小山千恵子の顔は紙のように青ざめ、点滴を打っている手は力なく横たわっていた。
浅野武樹はその冷たい小さな手を握り締めた。「病室に連れて行け」
浅野武樹はベッドの横を歩きながら、掌の中で震える冷たい指先を握り続けた。
小山千恵子は無表情に天井を見つめ、手を振り払うことさえ忘れていた。
隆弘の表情から、おじいちゃんが二度と目を覚まさないかもしれないことを悟った。
おじいちゃんと最後に会った時、何を話したんだっけ……
看護師たちは手際よくベッドを病室に運び入れ、固定し、点滴の速度を確認してから素早く退室した。
その間ずっと、小山千恵子は木のように硬直したまま、何かを考え込んでいた。透明な涙が目に溜まり、赤くなった目尻から髪の生え際へと流れ落ちた。

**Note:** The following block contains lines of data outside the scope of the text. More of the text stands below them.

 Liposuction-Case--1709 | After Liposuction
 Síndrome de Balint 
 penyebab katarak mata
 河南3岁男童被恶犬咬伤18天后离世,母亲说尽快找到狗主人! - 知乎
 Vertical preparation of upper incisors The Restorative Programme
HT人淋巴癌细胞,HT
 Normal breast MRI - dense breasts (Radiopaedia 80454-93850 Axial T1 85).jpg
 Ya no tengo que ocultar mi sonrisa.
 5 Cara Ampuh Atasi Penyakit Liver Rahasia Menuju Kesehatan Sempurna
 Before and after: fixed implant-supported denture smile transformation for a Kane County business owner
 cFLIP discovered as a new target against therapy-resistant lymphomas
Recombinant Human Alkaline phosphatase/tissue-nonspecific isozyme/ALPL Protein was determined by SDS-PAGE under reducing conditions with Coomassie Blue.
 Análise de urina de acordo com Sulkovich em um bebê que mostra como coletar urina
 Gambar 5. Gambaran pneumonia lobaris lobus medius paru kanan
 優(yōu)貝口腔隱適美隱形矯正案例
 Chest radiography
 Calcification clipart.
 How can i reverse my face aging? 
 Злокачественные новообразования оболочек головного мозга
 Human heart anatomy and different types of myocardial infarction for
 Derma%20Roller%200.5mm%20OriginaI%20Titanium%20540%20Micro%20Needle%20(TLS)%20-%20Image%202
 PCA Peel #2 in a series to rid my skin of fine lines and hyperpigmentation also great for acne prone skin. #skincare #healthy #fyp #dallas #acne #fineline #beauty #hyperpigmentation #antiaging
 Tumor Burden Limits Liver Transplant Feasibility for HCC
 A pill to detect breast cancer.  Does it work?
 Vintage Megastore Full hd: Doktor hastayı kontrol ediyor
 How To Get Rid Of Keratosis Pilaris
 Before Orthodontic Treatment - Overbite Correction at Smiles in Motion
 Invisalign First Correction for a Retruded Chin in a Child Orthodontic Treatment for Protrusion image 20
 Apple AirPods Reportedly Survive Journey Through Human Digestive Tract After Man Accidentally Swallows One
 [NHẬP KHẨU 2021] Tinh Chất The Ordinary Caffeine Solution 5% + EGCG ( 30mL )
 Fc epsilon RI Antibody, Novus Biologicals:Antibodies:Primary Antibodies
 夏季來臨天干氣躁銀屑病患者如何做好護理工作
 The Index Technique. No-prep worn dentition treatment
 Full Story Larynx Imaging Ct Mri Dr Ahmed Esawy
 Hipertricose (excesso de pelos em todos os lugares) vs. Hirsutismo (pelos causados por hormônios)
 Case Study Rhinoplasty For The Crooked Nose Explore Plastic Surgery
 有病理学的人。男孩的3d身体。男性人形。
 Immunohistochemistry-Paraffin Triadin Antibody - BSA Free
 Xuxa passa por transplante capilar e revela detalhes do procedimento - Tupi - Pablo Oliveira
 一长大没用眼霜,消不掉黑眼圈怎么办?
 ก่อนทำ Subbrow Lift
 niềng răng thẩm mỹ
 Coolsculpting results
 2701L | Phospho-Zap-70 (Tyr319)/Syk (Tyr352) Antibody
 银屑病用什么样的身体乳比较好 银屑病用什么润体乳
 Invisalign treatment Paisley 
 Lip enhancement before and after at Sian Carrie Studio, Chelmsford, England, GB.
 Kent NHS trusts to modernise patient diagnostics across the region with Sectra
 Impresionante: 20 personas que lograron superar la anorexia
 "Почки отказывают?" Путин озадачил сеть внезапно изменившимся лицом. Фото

あまりにも脆く見えたため、浅野武樹は彼女に触れることさえ躊躇った。
病室のドアが静かに閉まり、浅野武樹は何か言うべきだと感じたが、言葉が出てこなかった。
いつもは冷静沈着な自分が、こんなにも戸惑うなんて。
「千恵子、すまない。この間、一人でこんな思いをさせて……」
小山千恵子の瞳が僅かに動き、虚ろな目が浅野武樹に向けられた。
待ち望んでいた謝罪の言葉を聞いたが、もう心には何の波紋も立たなかった。
干上がった心の海に、もはや波紋が立つはずもない。
「浅野社長、用事がなければお帰りください。おそらく……」
小山千恵子は喉が渇き、唇も乾いていた。二度咳をしてから続けた。
「……次にお会いするのは、区役所になるでしょう」
それが最後の対面になるはずだった。
浅野武樹の心は締め付けられるように痛んだ。
彼は呼吸を整え、椅子を引き寄せてベッドの傍らに座り、以前のように自然に小山千恵子の点滴を打っている手を取った。
彼女は相変わらず寒がりだった。
「千恵子、桜井美月のことは、私が目を曇らされていた。離婚のことは、もう一度考え直さないか」
小山千恵子は喉が詰まった。しっかりと握られた手は温かく、点滴の薬液が血管に流れ込む冷たさを和らげた。
浅野武樹の目に宿る優しさは、久しく見ていなかった。
その瞬間、小山千恵子は錯覚を覚えた。まるで過去の出来事が全て消え去り、目の前の浅野武樹は、かつて彼女を掌の上で大切にしていた男性のようだった。